» **REQUIREMENT**
Output the entries below exactly, from the first line to the line holding "Street Fighter II", both included.

[Stored data entries]
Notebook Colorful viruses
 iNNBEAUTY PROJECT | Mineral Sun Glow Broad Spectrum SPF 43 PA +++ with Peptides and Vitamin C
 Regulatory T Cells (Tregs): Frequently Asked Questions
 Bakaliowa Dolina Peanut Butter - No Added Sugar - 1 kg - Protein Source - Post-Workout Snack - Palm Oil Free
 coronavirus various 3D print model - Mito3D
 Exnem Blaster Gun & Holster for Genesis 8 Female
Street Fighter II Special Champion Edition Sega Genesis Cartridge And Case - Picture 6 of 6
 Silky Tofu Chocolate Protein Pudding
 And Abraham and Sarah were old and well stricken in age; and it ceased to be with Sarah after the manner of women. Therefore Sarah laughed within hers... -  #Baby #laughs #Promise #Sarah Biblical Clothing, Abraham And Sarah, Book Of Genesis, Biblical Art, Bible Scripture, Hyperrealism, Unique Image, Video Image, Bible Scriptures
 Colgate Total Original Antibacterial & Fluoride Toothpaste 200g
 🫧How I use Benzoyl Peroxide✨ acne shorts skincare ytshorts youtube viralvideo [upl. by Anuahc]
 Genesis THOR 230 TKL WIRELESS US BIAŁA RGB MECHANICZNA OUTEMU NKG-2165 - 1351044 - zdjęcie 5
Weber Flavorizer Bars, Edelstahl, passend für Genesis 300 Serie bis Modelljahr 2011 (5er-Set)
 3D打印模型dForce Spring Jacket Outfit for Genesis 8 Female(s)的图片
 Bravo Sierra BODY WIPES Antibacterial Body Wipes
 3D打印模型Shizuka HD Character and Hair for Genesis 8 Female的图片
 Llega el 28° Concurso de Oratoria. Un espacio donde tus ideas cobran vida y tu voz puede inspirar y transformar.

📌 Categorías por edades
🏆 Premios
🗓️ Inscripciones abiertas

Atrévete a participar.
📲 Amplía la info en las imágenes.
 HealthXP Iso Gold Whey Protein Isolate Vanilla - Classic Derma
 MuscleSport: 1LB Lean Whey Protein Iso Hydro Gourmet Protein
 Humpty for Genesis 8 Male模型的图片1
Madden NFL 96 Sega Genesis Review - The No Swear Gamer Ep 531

» **ANSWER SPACE**
Notebook Colorful viruses
 iNNBEAUTY PROJECT | Mineral Sun Glow Broad Spectrum SPF 43 PA +++ with Peptides and Vitamin C
 Regulatory T Cells (Tregs): Frequently Asked Questions
 Bakaliowa Dolina Peanut Butter - No Added Sugar - 1 kg - Protein Source - Post-Workout Snack - Palm Oil Free
 coronavirus various 3D print model - Mito3D
 Exnem Blaster Gun & Holster for Genesis 8 Female
Street Fighter II Special Champion Edition Sega Genesis Cartridge And Case - Picture 6 of 6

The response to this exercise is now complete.